Rio de Janeiro's police have killed more than 1,500 people in the last five years, driving up the Olympic host's already high violent death rate, Amnesty International said Monday.
A report by the human rights group accuses Rio police of disproportional use of lethal force and of what appear to be extrajudicial executions.
"At least 16 percent of the total homicides registered in the city in the last five years took place at the hands of on-duty police –- 1,519 in total," Amnesty said.
The report -- "You killed my son: Killings by military police in Rio de Janeiro" -- alleges police have a "shoot first, ask questions later" policy and act with near impunity.
It comes as security officials prepare to cope with the Olympics in a year from this week, when tens of thousands of people will attend the world's biggest sporting event.
Officials say they will deploy some 85,000 police and soldiers, most of them focusing on a relatively small zone where the Olympic sites, hotels and beaches are located.
Brazil is one of the most violent of the world's countries that are not at war.

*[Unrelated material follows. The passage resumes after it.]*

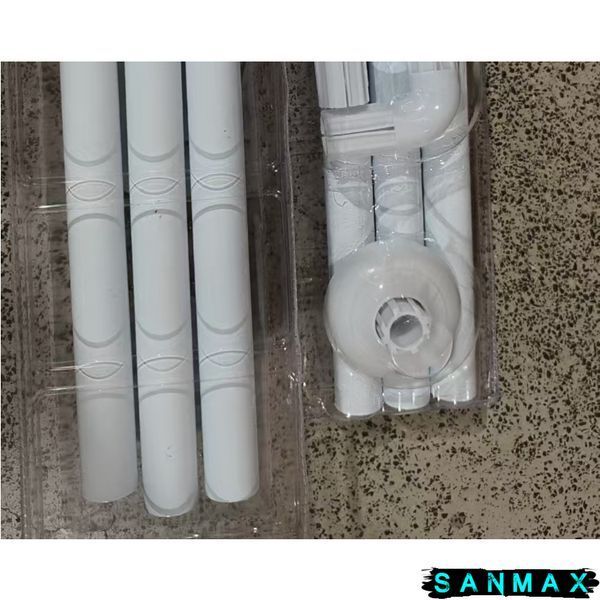 Штанга для шторки П-подібна універсальна Mixxus CRA-U-80x80x80 80x80x80cm, 80x160cm, 240cm (алюміній) блістер (AC3592) AC3592 фото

More than 50,000 people were murdered in 2012, according to the most recent UN figures.
Crime in Rio has gone down slightly over the last year, official statistics show, in part because of intensive policing in slum areas known as favelas.
However, the city still sees more than three people murdered every day and there are frequent armed clashes between paramilitary police and drug gangs in favelas.
Even parts of the supposedly safe city center are plagued by muggers.
Amnesty said that investigating the details of fatal shootings by police is difficult. However in the Acari favela, at least nine out of 10 killings by police in 2014 "strongly suggests the occurence of extrajudicial executions."
"Rio de Janeiro is a tale of two cities: on the one hand, the glitz and glamor ... on the other, a city marked by repressive police interventions that are decimating a significant part of a generation of young black and poor men," said Atila Roque, director at Amnesty International Brazil.
"Brazil's failed war on drug strategy to tackle the country’s very real public security crisis is backfiring miserably."
The human rights group accused police of systematic cover-ups.
"Such killings are hardly investigated," Amnesty said.
"In practice, many cases are filed as 'resistance followed by death,' which prevents independent investigations and shields the perpetrators from the civilian courts."
In many cases police tamper with the evidence, moving bodies or placing weapons next to them, in order to escape further investigation, the report said.
Police were not immediately available for comment on the report.